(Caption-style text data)
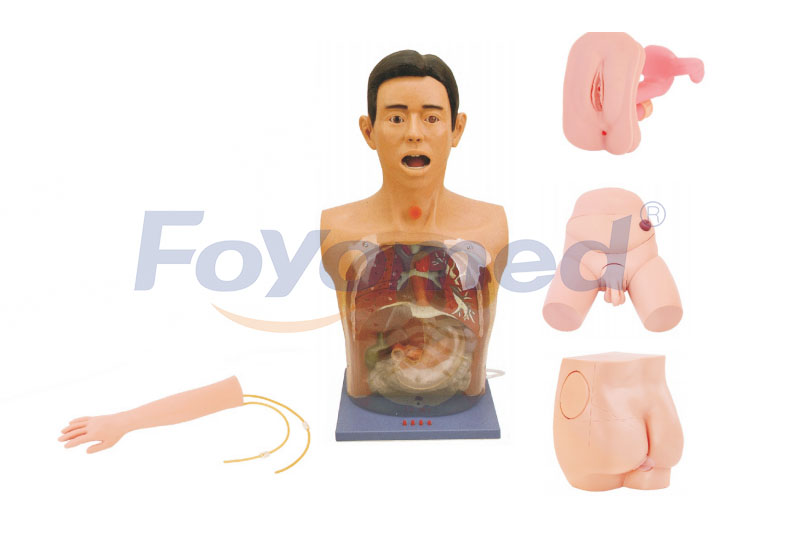 FYM011009 Basic Nursing Manikin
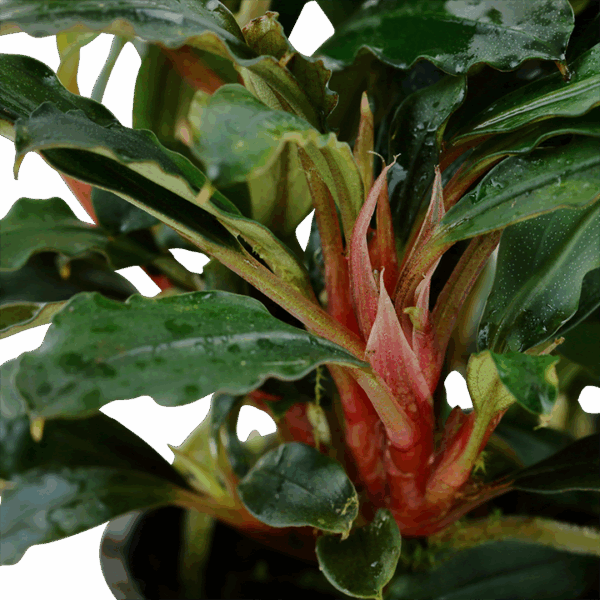 Tropica Bucephalandra sp. 'Red'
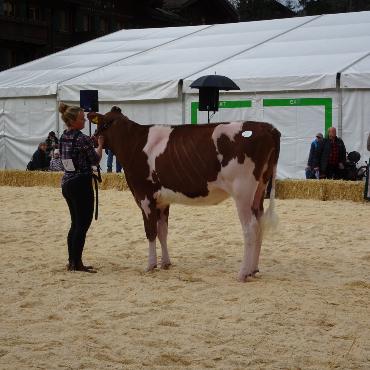 Starke Simmentaler, ausgeglichenes Swiss Fleckvieh und Top-Red-Holstein- und Holsteinkühe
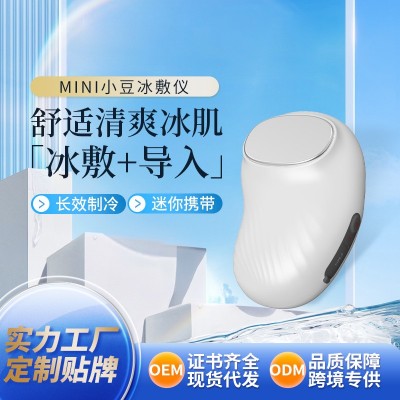 冷热小冰锤美容仪脸部导入震动按摩仪晒后镇静舒缓冰导仪源头工厂图2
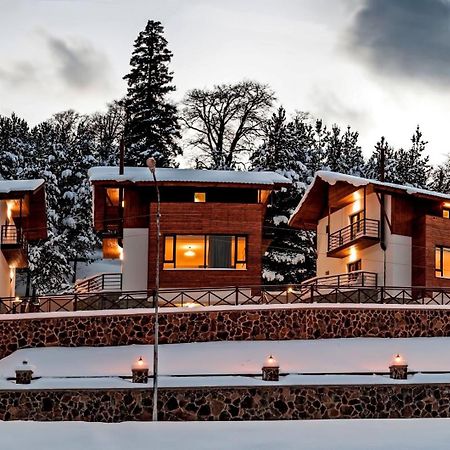 Crystal Hill Resort Bakuriani Bagian luar foto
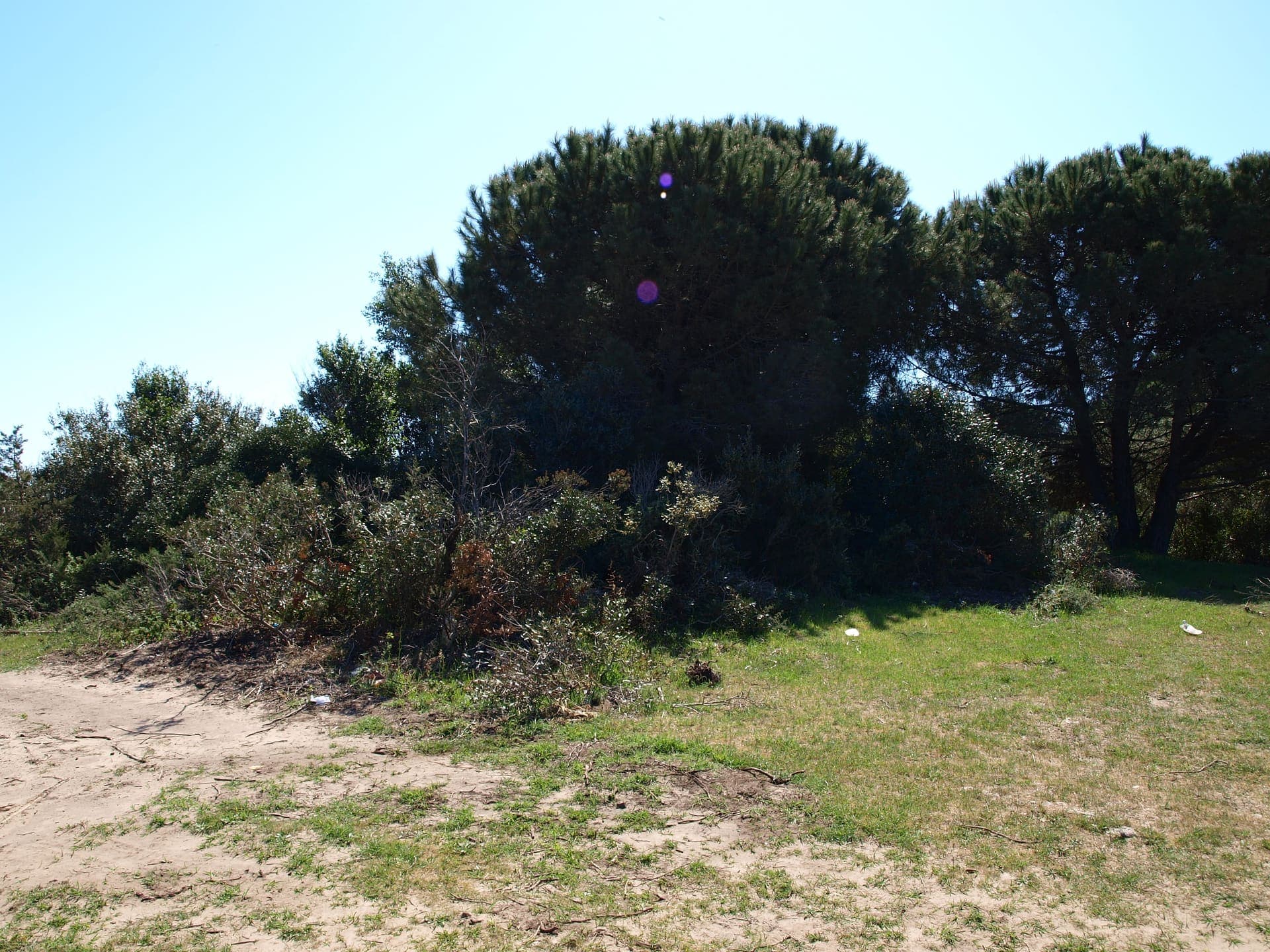 Wide sandy beach at Marina di Lesina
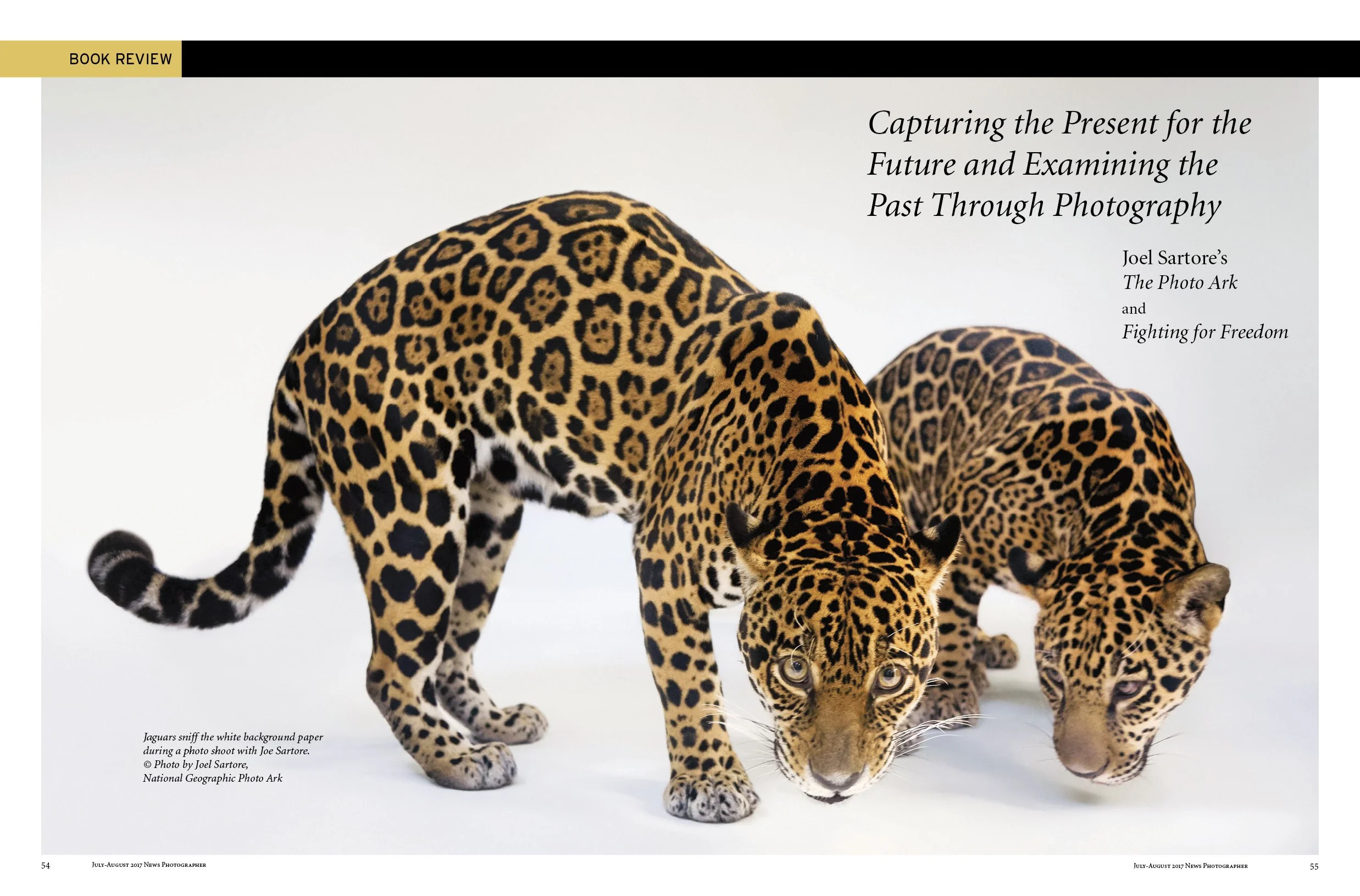 NP-Jul-Aug-17 photo ark.jpg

## Your goal
Your task is to set down exactly the lines that run from the line holding "Crystal Hill Resort" through the close of the entries, including both ends. Pictures stay out.

## Result of the exercise
 Crystal Hill Resort Bakuriani Bagian luar foto
 Wide sandy beach at Marina di Lesina
 NP-Jul-Aug-17 photo ark.jpg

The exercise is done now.